Natural Language Processing For Dependencies and Named Entities
Start Discovering Meaning And Intent In User Utterances
This story will be taking you through a process of creating you own Natural Language Processing (NLP) Interface. Natural Language interfaces are actually very accessible in terms of technology, and also fairly easy to setup and program. Contrary to popular belief…
Here I will help you to demystify some of the basic elements of advanced NLP.
You might want to refer to this article where the tools and basics are discussed in detail.
You can use a virtual environment like Anaconda, which I prefer for the mere reason of it being a local install. But to get up and running very quickly, you can use a Jupyter Notebook.
The Jupyter Notebook is an open-source web application that allows you to create and share documents that contain live code, equations, visualizations and narrative text. Uses include: data cleaning and transformation, numerical simulation, statistical modeling, data visualization, machine learning, and in our case, for Natural Language Understanding and Processing.
spaCy is an industrial strength natural language processing framework which is opensource and very accessible, even if you are starting out with natural language processing.
spaCy is designed to help you do real work — to build real products, or gather real insights. The library respects your time, and tries to avoid wasting it. It’s easy to install, and its API is simple and productive. We like to think of spaCy as the Ruby on Rails of Natural Language Processing.
So let’s get started and look at two use cases below; dependencies and entities.
Start a new basic Python Jupyter notebook, and install spaCy…
Words can often have different meanings depending on the how it is used within a sentence. Hence analyzing how a sentence is constructed can help us determine how single worlds relate to each other.
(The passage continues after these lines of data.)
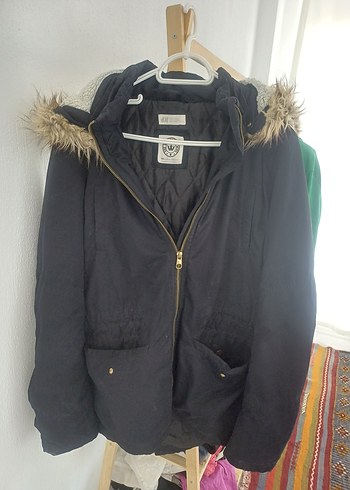 Siyah Kadın Midi Kaban, Kürklü Kapüşonlu - Görsel 2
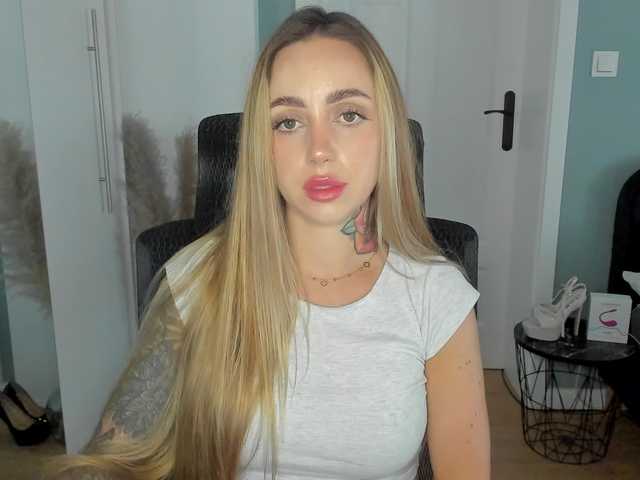 SEXYcoralie live cam on BongaCams
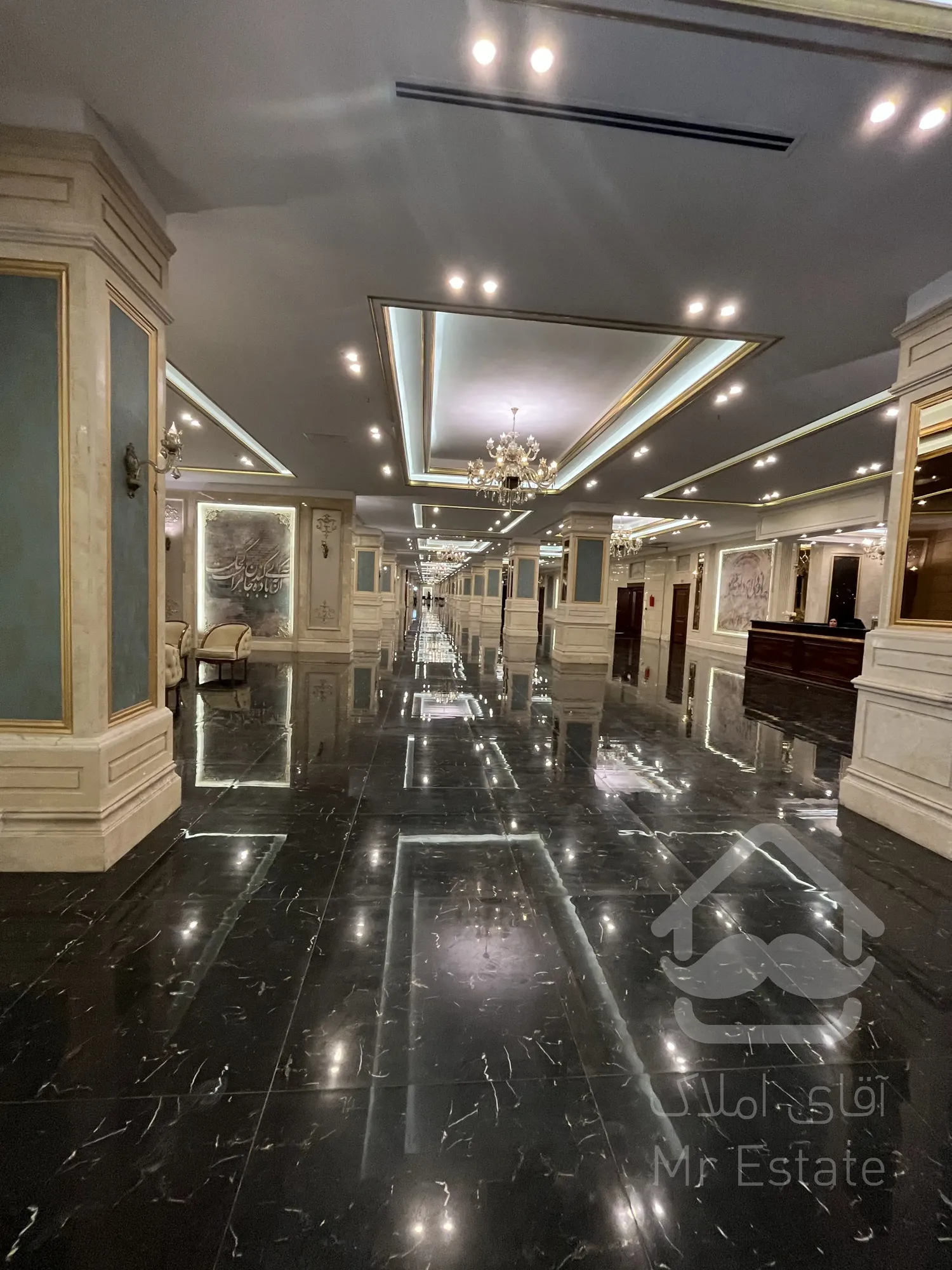 پیش فروش آپارتمان 117 متری لوکس با طراحی مدرن و مشاعات آبی در بلوار ارتش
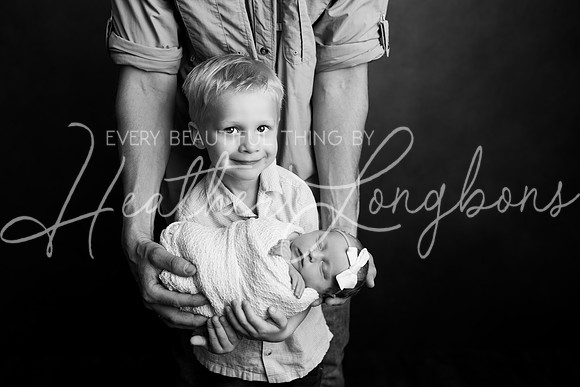 Colbie newborn-8BW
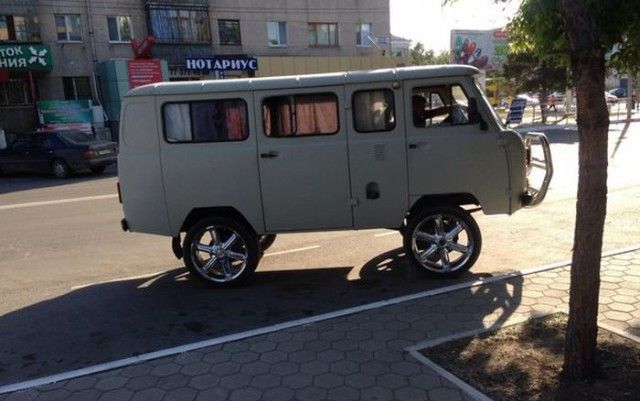 это россия детка, умом россию не понять, тем временем в России 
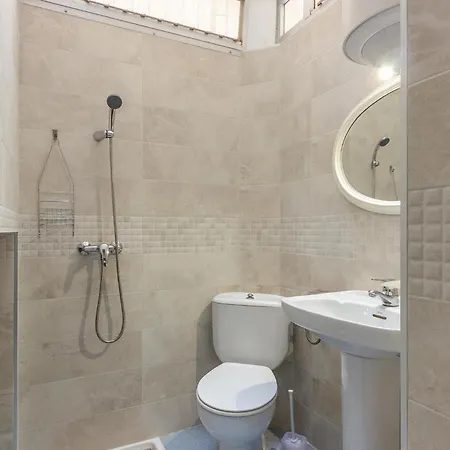 2 Bedroom Awesome In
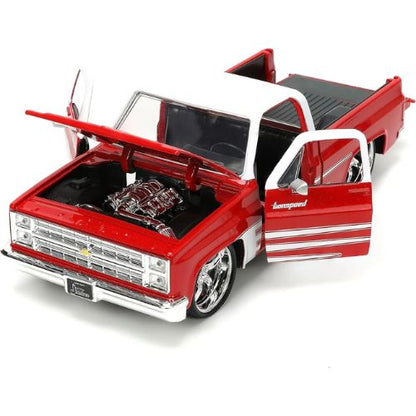 Trucks 1:2Just 4 1985 Chevy C10 Die-Cast Truck w/Tire Rack – Red/White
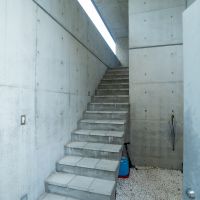 神戸市東灘区田中町の賃貸物件/玄関までのアプローチもかっこいい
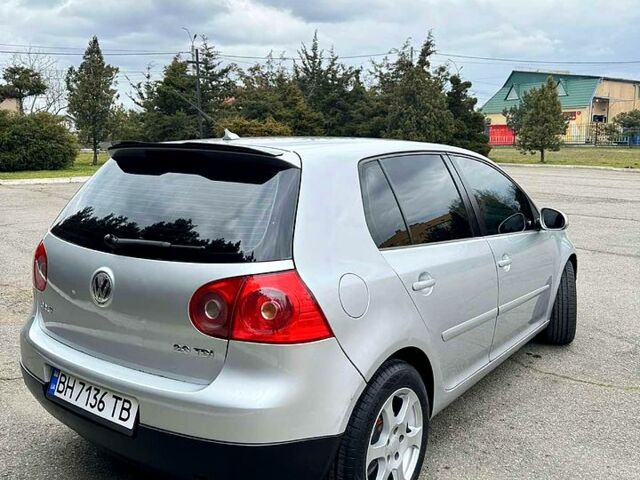 Сірий Фольксваген Гольф, об'ємом двигуна 2 л та пробігом 442 тис. км за 4600 $, фото 2 на Automoto.ua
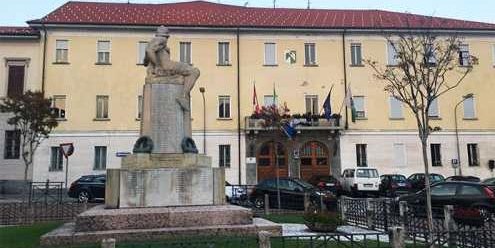 arona comune davanti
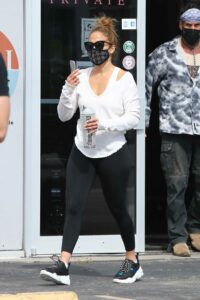 Jennifer Lopez in a Black Leggings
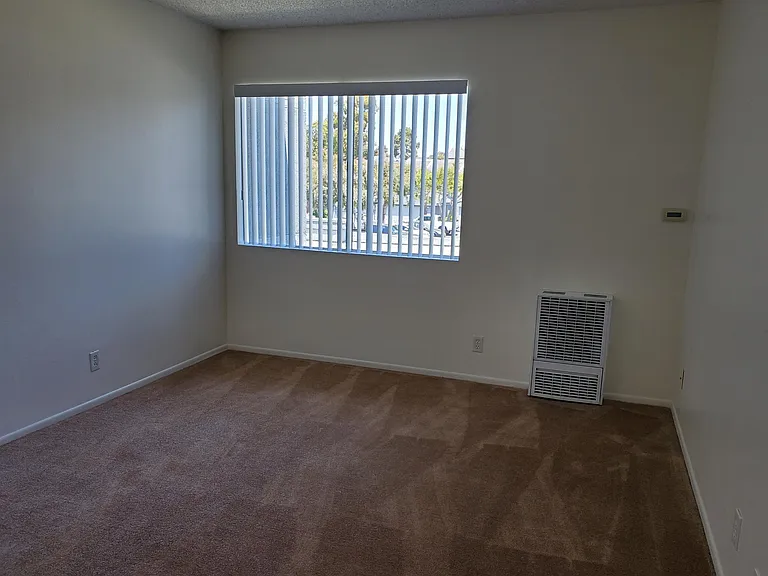 Harbor Village Apartments — Photo 1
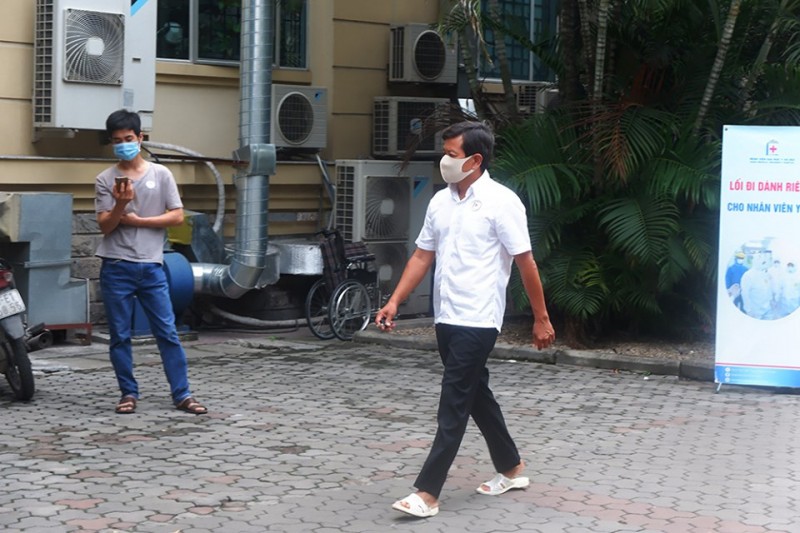 Ảnh chụp màn hình báo Dân Việt 1842-ong-doan-ngoc-hai-toi-giup-nguoi-ngheo-that-su-chu-khong-phai-lam-mau-anh-3-1599113338-661-width960height640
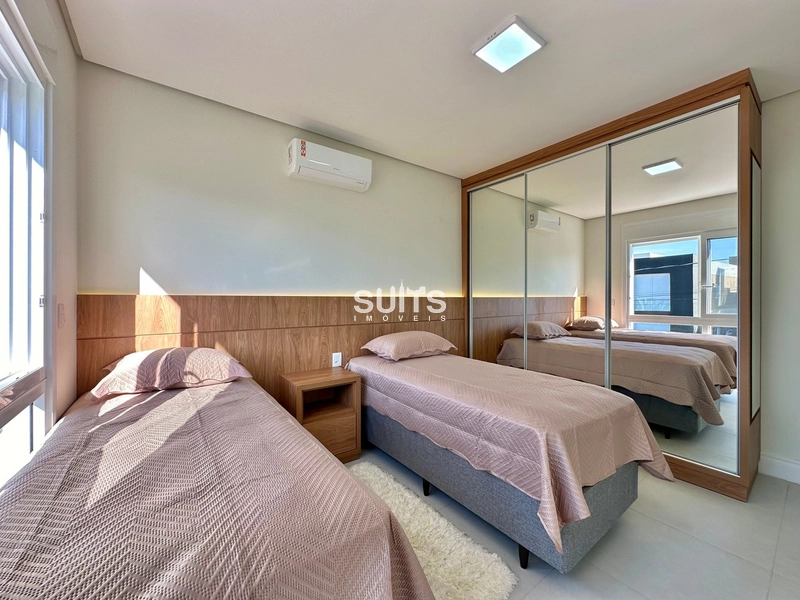 Excelente sobrado no Condomínio Quintas do Lago: 34ª foto da galeria de imagens do imóvel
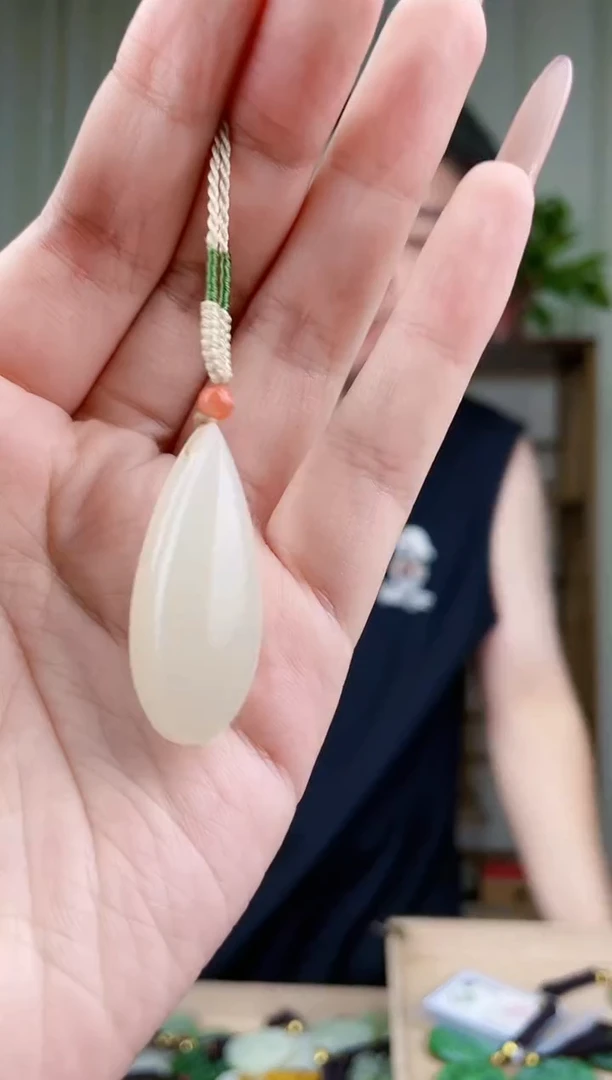 和田玉未镶嵌挂件拍一发一，多样性发货！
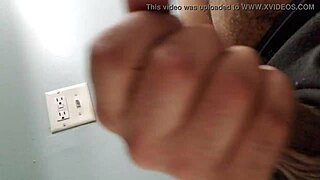 I'm jerking off for a big cumshot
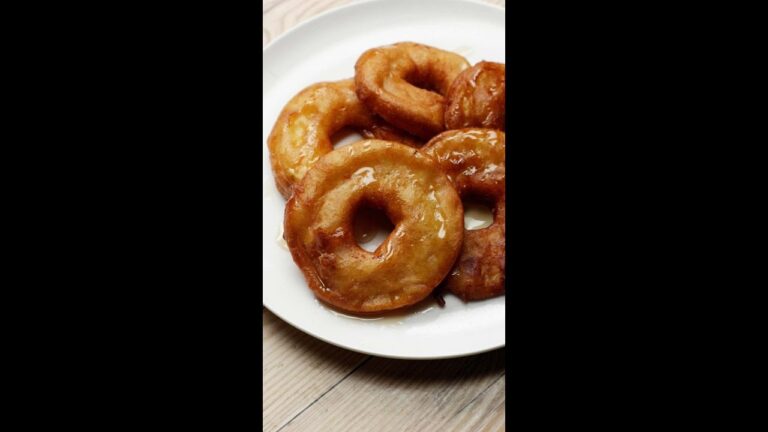 【オランダの冬のお菓子！】りんごのベニエ / Apple Beignets #Shorts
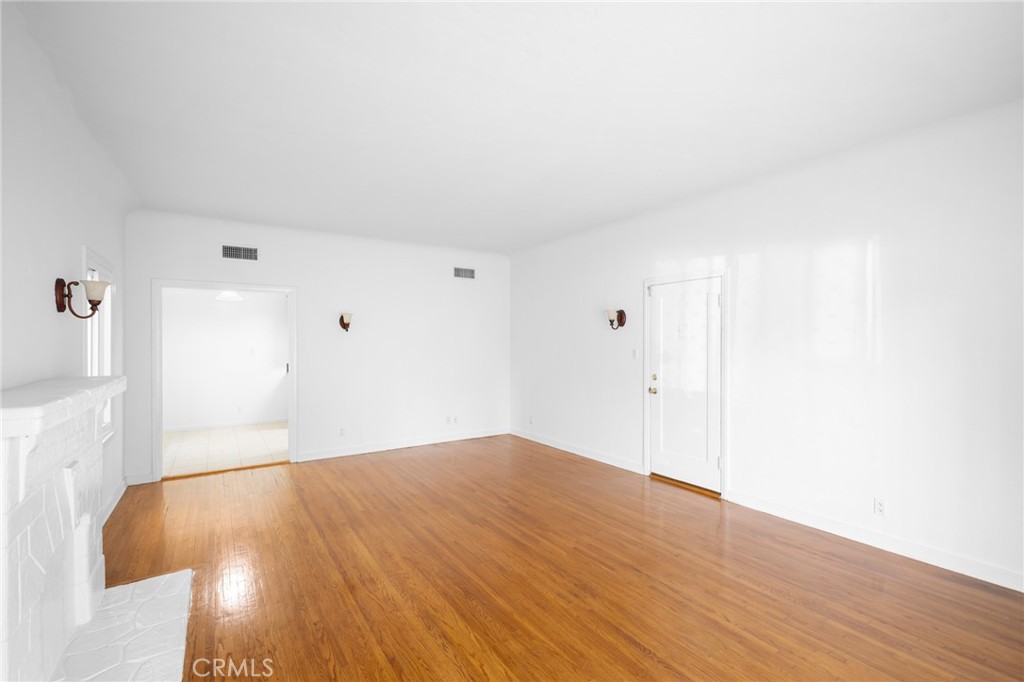 218 216 E Windsor Road 1 Property Photo 4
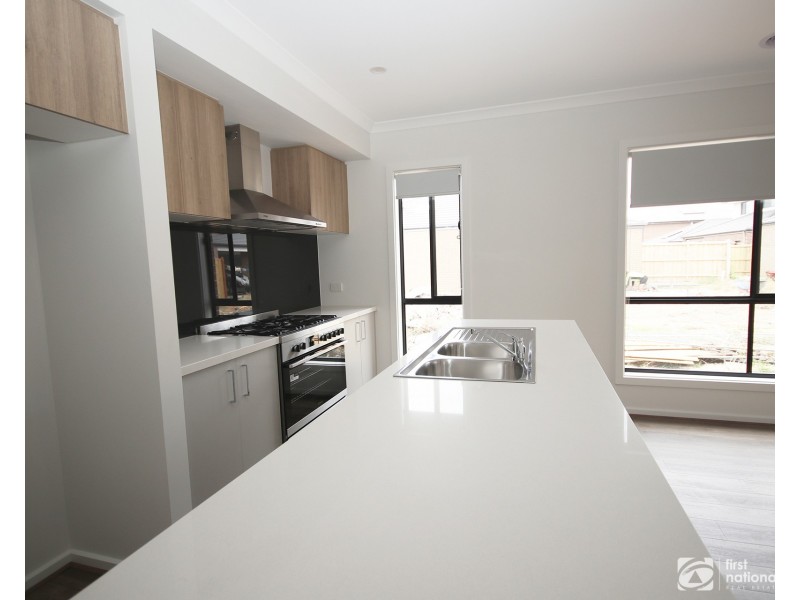 17 Blainey Way, Officer VIC 3809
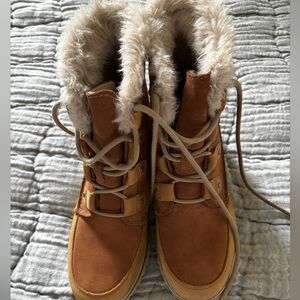 Sorel Women's waterproof Tan suede Fur-Lined Boots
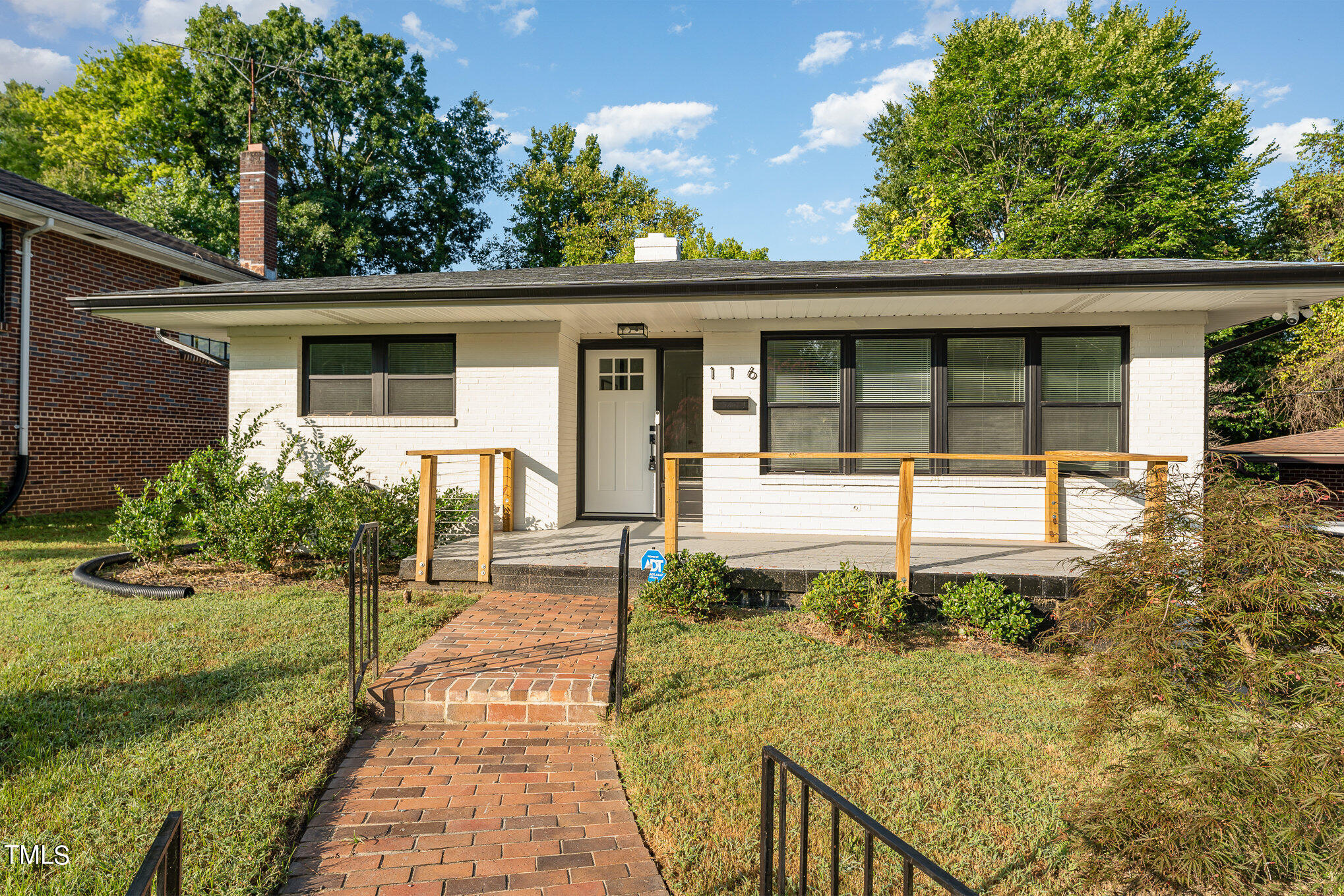 a front view of house with yard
If we look at the sentence, “Mary rows the boat.” There are two nouns, being Mary and boat. There is also a single verb, being rows. To understand the sentence correctly, the word order is important, we cannot only look at the words and their part of speech.
Now this will be an arduous task, but within spaCy we can use noun chunks. According to the spaCy documentation, You can think of noun chunks as a noun plus the words describing the noun — for example, “the lavish green grass” or “the world’s largest tech fund”. To get the noun chunks in a document, simply iterate over Doc.noun_chunks.
The sentence “Smart phones pose a problem for insurance companies in terms of fraudulent claims”, returns the following data:
Text is the original noun chunk text. Root text is the original text of the word connecting the noun chunk to the rest o the phrase. Root dep: Dependency relation connecting the root to its head. Root head text: The text of the root token’s head.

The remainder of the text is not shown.